Immanuel: The Gospel according to Isaiah
Isaiah is often seen as one of the most theologically rich books of the Old Testament. Living in a time of rampant idolatry and apostasy, Isaiah prophesied against Israel to the north and Judah to the south, foretelling the exile and return to the land of promise. Judgment and restoration of Israel, Judah, the nations, and the earth is a huge theme, as well as the destruction and humiliation of the false gods and idols. The judgment is something that is justly deserved because of the sins of humanity, but the restoration is only possible through a remarkable figure prophesied in Isaiah; Immanuel. Isaiah gives the fullest revelation about the Messiah in the Old Testament, and in fact it is possible to preach the whole Gospel from Isaiah.
While Immanuel is clearly Jesus, it can be useful to look at what we know about Immanuel from Isaiah alone, before reading the text through the lens of New Testament revelation.
The kingly lineage and extraordinary birth of Immanuel
Immanuel would be born in the house of David (Isaiah 9:6–7); His birth is said to be a sign to the house of David (Isaiah 7:14).
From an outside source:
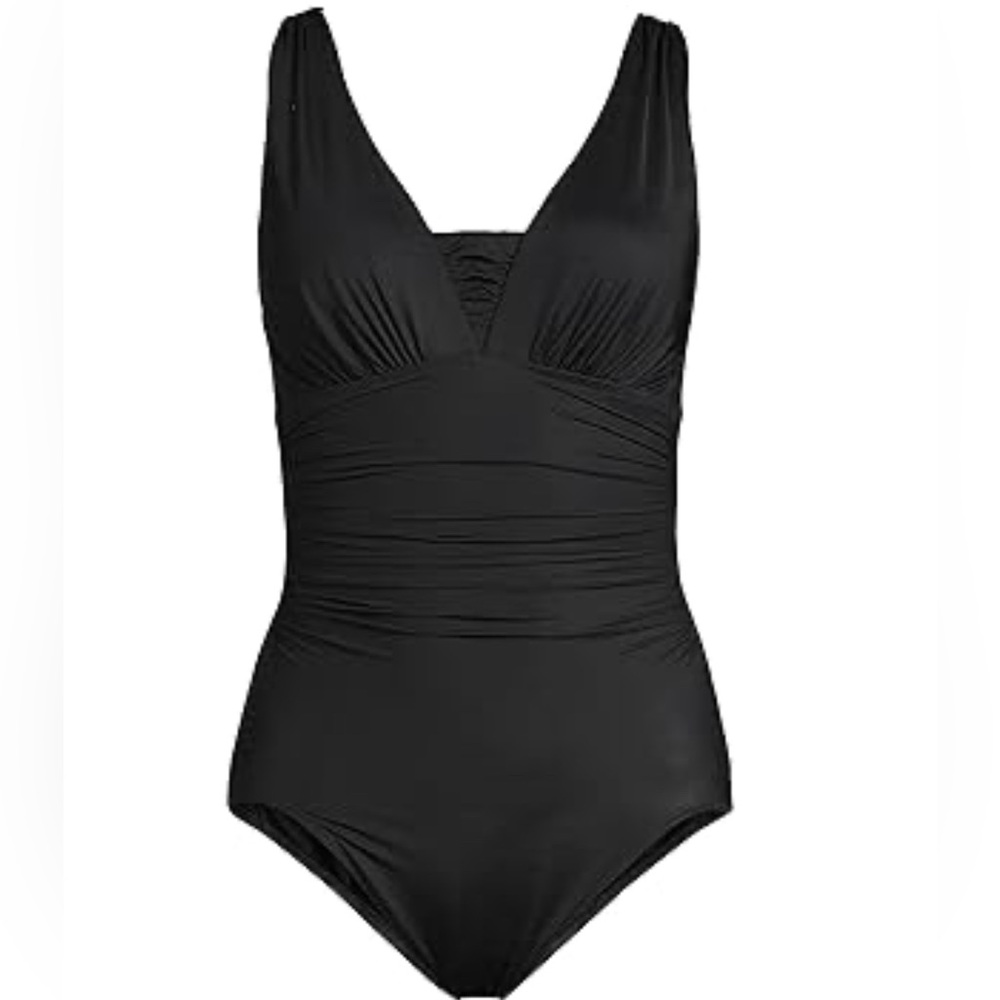 Lands' End Plus Size Slender Suit Grecian Low Leg One Piece Swimsuit sz 24W DDD - Picture 2 of 15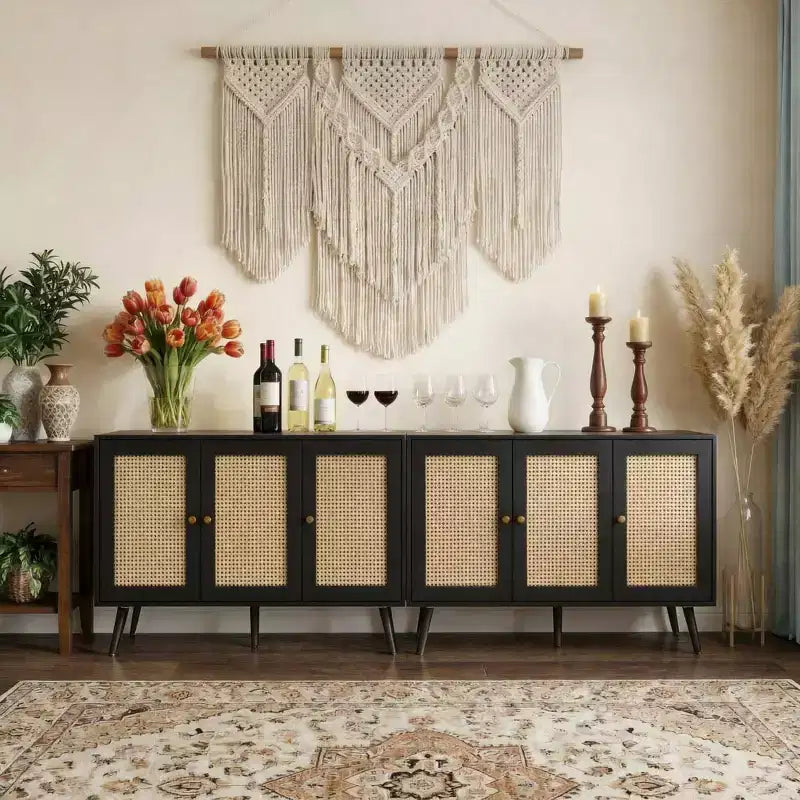 Set of 2 Modern Rattan Sideboard Buffet Cabinet  47.2 Farmhouse Credenza with Adjustable Shelves, Coffee Bar Storage Cabinet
But He would be born at a time when the kingly line had gone from the preeminence of David to their prior insignificance during the time of David’s father, Jesse (Isaiah 11:1). This is exactly what happened. When Jesus was born, Mary and Joseph took two doves as the purification offering (Luke 2:22–24). This was the allowed offering for people living in poverty, indicating that the house of David was no longer prominent or wealthy.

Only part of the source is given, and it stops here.